* **Requirement**: A verbatim reproduction of the lines below, from the line containing "The myth is" through the line containing "Caramel Cheesecake Topped Brownies Recipe.", both ends included, is the whole required output.

* **Records supplied**:
----

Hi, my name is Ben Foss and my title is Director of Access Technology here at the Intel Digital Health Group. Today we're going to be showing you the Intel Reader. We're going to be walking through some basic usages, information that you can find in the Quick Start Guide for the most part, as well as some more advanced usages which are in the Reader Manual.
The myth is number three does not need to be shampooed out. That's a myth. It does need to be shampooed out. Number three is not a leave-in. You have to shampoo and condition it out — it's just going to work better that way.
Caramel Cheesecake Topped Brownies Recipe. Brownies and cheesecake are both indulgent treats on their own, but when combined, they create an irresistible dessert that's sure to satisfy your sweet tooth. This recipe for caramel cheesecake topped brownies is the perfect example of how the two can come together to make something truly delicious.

----

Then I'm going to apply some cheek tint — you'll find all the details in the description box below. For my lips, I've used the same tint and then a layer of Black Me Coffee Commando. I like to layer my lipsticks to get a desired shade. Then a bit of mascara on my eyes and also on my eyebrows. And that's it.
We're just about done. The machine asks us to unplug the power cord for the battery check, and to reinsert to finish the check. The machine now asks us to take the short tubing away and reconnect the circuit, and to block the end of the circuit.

----

* **Result of this task**:
The myth is number three does not need to be shampooed out. That's a myth. It does need to be shampooed out. Number three is not a leave-in. You have to shampoo and condition it out — it's just going to work better that way.
Caramel Cheesecake Topped Brownies Recipe. Brownies and cheesecake are both indulgent treats on their own, but when combined, they create an irresistible dessert that's sure to satisfy your sweet tooth. This recipe for caramel cheesecake topped brownies is the perfect example of how the two can come together to make something truly delicious.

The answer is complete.